Episode Transcript
[00:00:00] I'm rediscovering my passion for the cut, for the guitar.
[00:00:05] I started playing as a teenager. Got my first guitar when I was.
[00:00:11] Oh man, can't remember how old I was, Probably like 13 or something.
[00:00:21] Got my first guitar, started learning on metal music.
[00:00:25] Metal music, rock music. I mean like Metallica, Pantera, Deftones.
[00:00:31] I think I learned like almost the whole Deftones album, the adrenaline album. But man, how did I start rediscovering my passion for one? Okay, my younger brother had his guitar at the local music store.
[00:00:54] He wanted me to go and pick it up for him because he couldn't go pick it up and they were, they fig. They were working on it or something. I picked it up, had it at the house. I opened up the case. Oh no, I didn't open up the case.

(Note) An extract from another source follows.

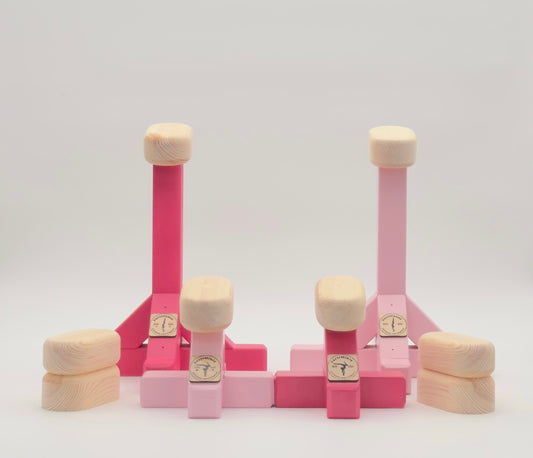 Signature Bundle - 2 Tone Pinks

[00:01:08] They showed it to me, right? I looked at, I was like, dang, look at that guitar.
[00:01:12] Beautiful looking guitar.
[00:01:14] And then this was like a couple weeks ago, maybe a month or two ago, I forgot about it.
[00:01:20] And then a couple days ago at Open mic number 17 or 18. Open mic number 18.
[00:01:26] It's not just comedy open mic, it's music, open mic or karaoke, all kinds of open mic. There was a guitar there.
[00:01:34] I was like, man, and it was so tempting. I saw that guitar and I was like man, I want to play that guitar. So I signed up just to play the guitar.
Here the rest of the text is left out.